Rewriting the Past: The Global South in Human Rights History

Image credit: University of Essex via Flickr (CC BY 2.0)

The Making of International Human Rights: The 1960s, Decolonization, and the Reconstruction of Global Values by Steven L. B. Jensen. Cambridge: Cambridge University Press, 2016. pp. 326pp., £70.99 hardcover 9781107112162, £22.99 paperback 9781107531079

Sovereign Emergencies: Latin America and the Making of Global Human Rights Politics by Patrick William Kelly. Cambridge: Cambridge University Press 2018. pp. 334pp., £71.99 hardcover 9781107163249, £21.99 paperback 9781316615119

Such has been the power of post‐colonial critiques, that it is difficult to imagine human rights as anything but a Western project.

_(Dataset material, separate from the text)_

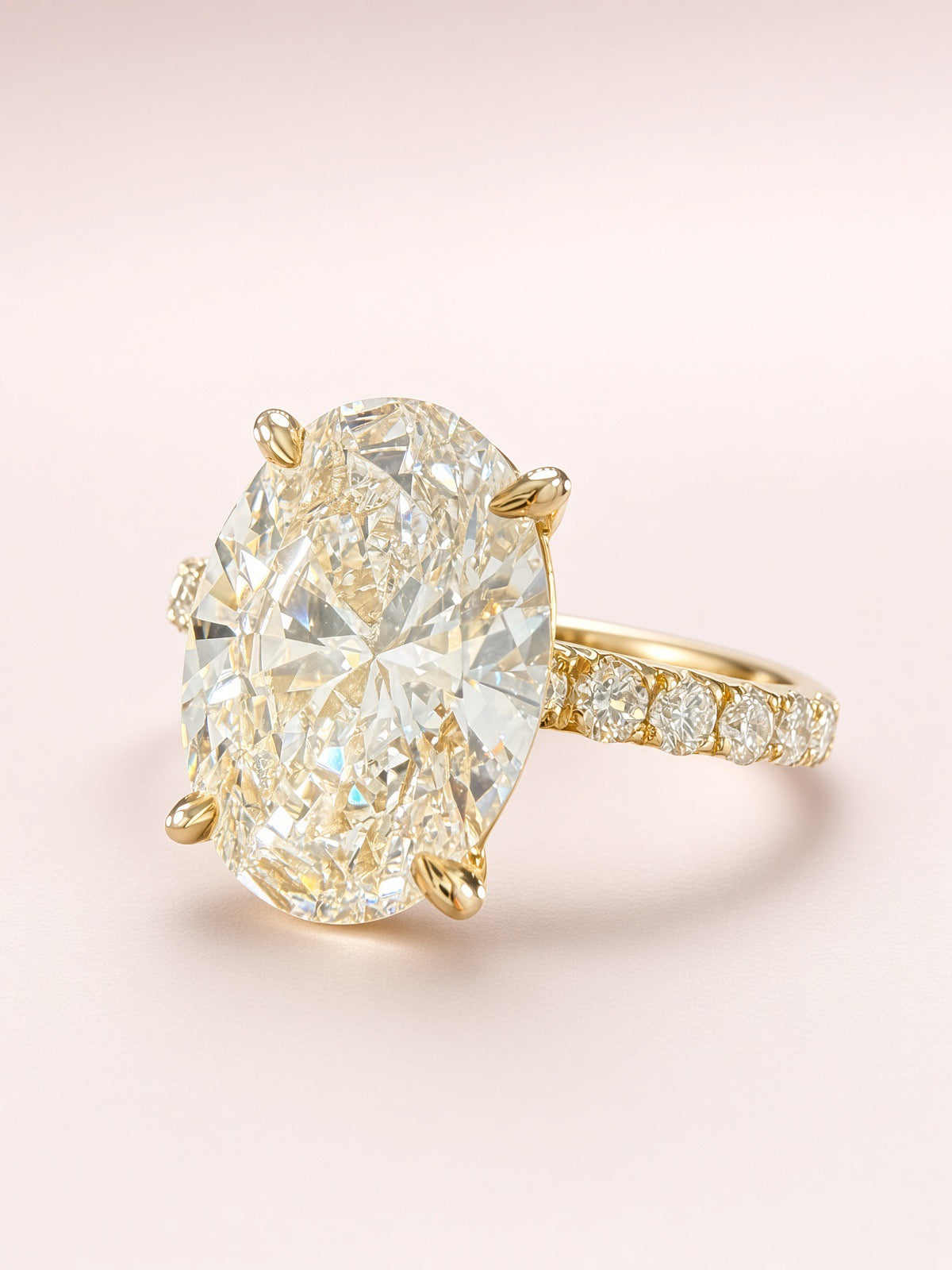 Side profile of an oval diamond pavé ring showing the raised yellow-gold setting.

Scholarship sceptical of the international human rights regime has persistently challenged its claim to universality, pointing in particular to its un‐inclusive past. The adoption of the Universal Declaration of Human Rights in 1948 when the process of decolonization had not yet unfolded, was hardly an auspicious time for a magna carta of mankind. Recent works on the history of human rights, however, paint a more nuanced picture, highlighting the role of actors from the Global South in the evolution of international human rights law and politics. Both Stephen L. B. Jensen's book The Making of International Human Rights: The 1960s, Decolonization, and the Reconstruction of Global Values and Patrick William Kelly's volume Sovereign Emergencies: Latin America and the Making of Global Human Rights Politics convincingly show the significance of Non‐Western contributions in shaping our understanding of human rights.